I can’t pinpoint a moment, but over the past couple months the Conventional Wisdom seems to have congealed around the proposition that Marco Rubio should be the eventual GOP nominee — the fresh-faced, charismatic “establishment” Not-Trump who can, with sufficient effort, unify the party and bring the voters to the polls. (Ted Cruz thought he could be that figure, but it turns out the only way Cruz unifies people is in their vast universal loathing of Ted Cruz.) The perceived problem is finding a winning template, an elevator pitch for primary voters that’ll convince them Young Marco is their best bet.

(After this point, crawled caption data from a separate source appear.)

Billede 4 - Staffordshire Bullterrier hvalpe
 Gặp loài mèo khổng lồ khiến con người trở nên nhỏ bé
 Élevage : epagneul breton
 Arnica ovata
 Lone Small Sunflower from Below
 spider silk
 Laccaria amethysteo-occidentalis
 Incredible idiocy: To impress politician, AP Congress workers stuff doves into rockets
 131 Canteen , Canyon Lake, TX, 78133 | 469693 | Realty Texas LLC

Report from the Washington Post‘s Ben Terris, back in November: “Marco Rubio is just the guy to win the youth vote. Or so the old folks think.”:
COUNCIL BLUFFS, Iowa — Marco Rubio — he of the unlined cheeks and recently paid-off student loans and strongly felt preference for Tupac over Biggie Smalls— might be just the thing to get young people to come out and vote Republican in 2016.
“I hope that the young people won’t keep being bumfuzzled by Democrats,” said Larry Trickle, a 77-year-old who came to see the senator speak at a Holiday Inn in Council Bluffs this week. “Here’s a guy that can speak their language, and maybe teach them a thing about work ethic.”
Sure, there were only a handful of folks younger than 35 at this ballroom rally packed with a couple of hundred Iowa voters. But to Larry’s wife, Sue, 70, it was a youthful crowd compared with other GOP events she had been to recently.
“You should see them,” she said. “The average age of most is like 70s or 80s. Here, it’s got to be all the way down to the 50s!”…
Rubio, 44, paints himself as the “generational candidate,” one with fresh ideas who can shake up his party and, ultimately, an election. It’s a savvy tactic for turning one of his potential negatives — his inexperience — into a positive. A similar approach worked for Barack Obama in 2008, when he was also a freshman legislator who hated the Senate; he mobilized massive numbers of young people to cast their ballots for him.
But the Florida Republican’s message of youthfulness has not resulted in many youthful supporters so far. In a new Washington Post-ABC News poll, Rubio received 16 percent support from Republicans 65 and older, compared with 12 percent among those ages 50 to 64 and 7 percent among those younger than 50. He might be, as Michael Kinsley famously said about then-Sen. Al Gore, “an old person’s idea of a young person.”…
In mid-December, the Washington Post did a long report on a real-life Miami Vice story from the late 1980s:
…[Orlando] Cicilia, a large, sturdily built Cuban immigrant, had played an intimate role in Rubio’s early life. But as the future senator from Florida was finishing high school and preparing to go to college, his brother-in-law’s illicit career as a cocaine dealer was exposed in a major trial. Cicilia was eventually sentenced to a lengthy prison term in one of the biggest drug cases of Miami’s baroque cocaine-cowboys era.
Rubio, who was 16 at the time of the arrest, does not mention the ordeal as he runs for president, casting his family’s Cuban American immigrant story as the embodiment of the American Dream.
There is no evidence that Rubio or his parents were aware of Cicilia’s drug dealing, and Rubio’s sister was not suspected of any crime. But a deep look at those turbulent years — drawing on previously unreported Drug Enforcement Administration field reports and grand jury testimony, interviews with federal task force agents, and the senator’s writings — reveals that Cicilia was a central figure in the smuggling operation at the same time that he was integrated in the life of the Rubio family.